Azure GPU metrics collection
Use NVIDIA Data Center GPU Manager (DCGM) to collect Azure GPU metrics. Turbonomic uses these metrics to generate scale actions that optimize performance and costs. For a list of metrics and associated scale actions, see this topic.
This topic provides an overview of the DCGM configuration that is required to collect Azure GPU metrics. For detailed configuration guidelines and instructions, contact your Turbonomic representative.
Requirements
At a high level, you must ensure that the following requirements are met:
-
The VM image contains NVIDIA GPU drivers.
-
The DCGM package is installed. This package provides the
dcgmi
CLI tool that you can use to collect GPU metrics.
Metrics collection options
Use any of the following options to collect metrics:
-
DCGM exporter
DCGM exporter exposes metrics in Prometheus format through the Telegraf agent with the Prometheus plugin. The plugin collects metrics from DCGM exporter and uses Azure Monitor to log metrics directly to the VM. Turbonomic then uses the Azure Monitor REST API to collect GPU metrics. This is the same API that enables the collection of standard metrics, such as vCPU.

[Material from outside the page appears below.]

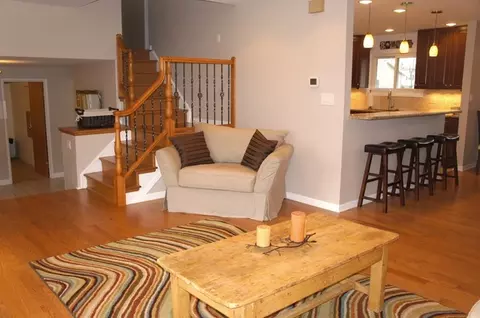 935 Colony Ln, Hoffman Estates, IL 60192 photo 5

In the Azure portal, when you view a VM's details in the Metrics section, the GPU metrics are available in the
telegraf/prometheus
namespace. -
Custom Python script
The custom Python script reads data using the
dcgmi
CLI tool and then sends collected metrics directly to the Azure Log Analytics Workspace. To send metrics, the Log Analytics Workspace must be set up correctly using a workspace ID and client authentication keys.